-- The data follows --

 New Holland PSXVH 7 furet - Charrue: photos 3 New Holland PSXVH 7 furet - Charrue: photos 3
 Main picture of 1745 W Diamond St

-- The data concluded --
-- The data follows --

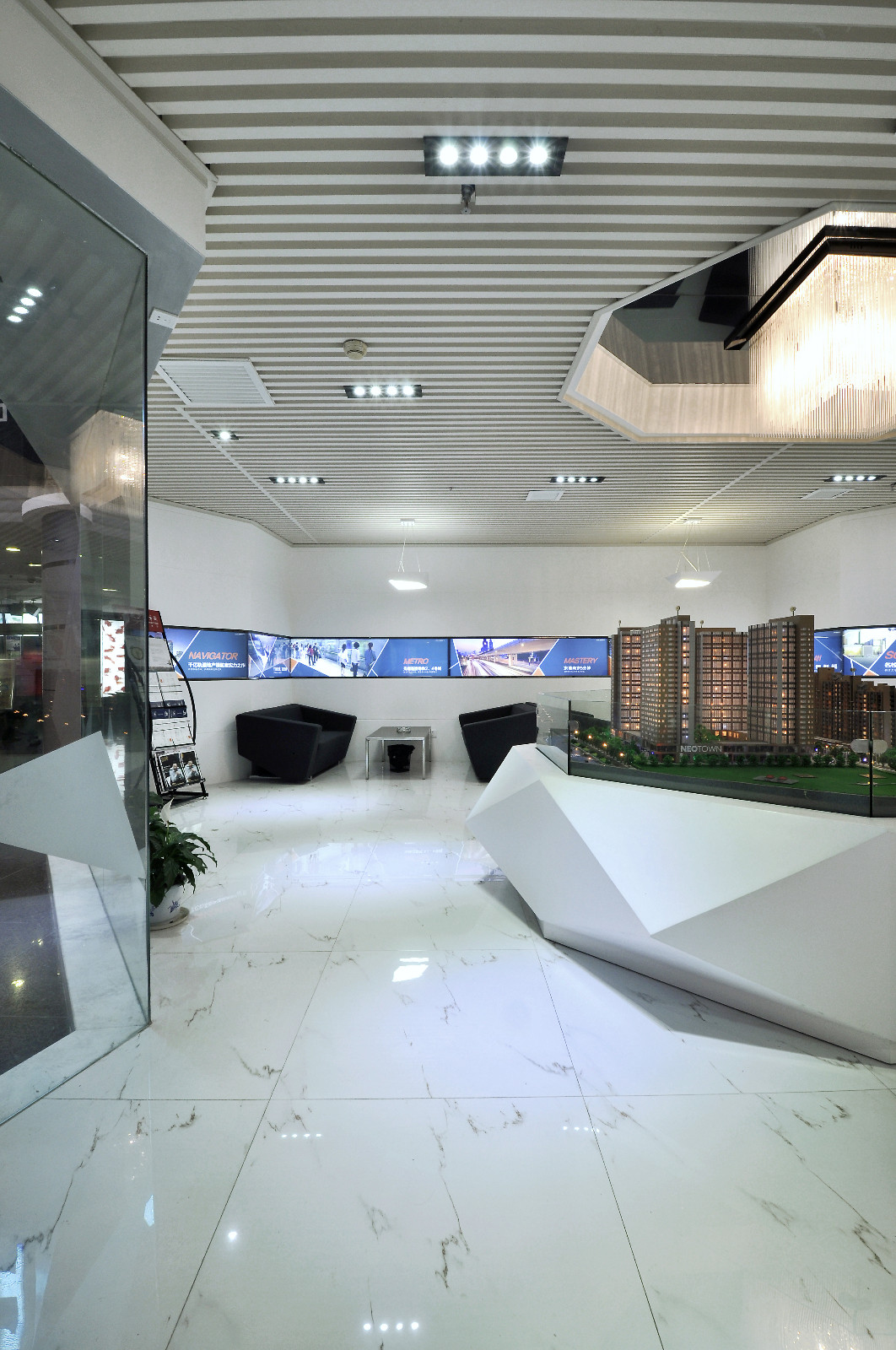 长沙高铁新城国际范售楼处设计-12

-- The data concluded --

Exercise aim:
Write out only the lines that run from the line containing "New Holland PSXVH 7 furet - Charrue: photos 3 New" through the line containing "Main picture of 1745 W Diamond St", both included, exactly as they appear above.

Solution:
 New Holland PSXVH 7 furet - Charrue: photos 3 New Holland PSXVH 7 furet - Charrue: photos 3
 Main picture of 1745 W Diamond St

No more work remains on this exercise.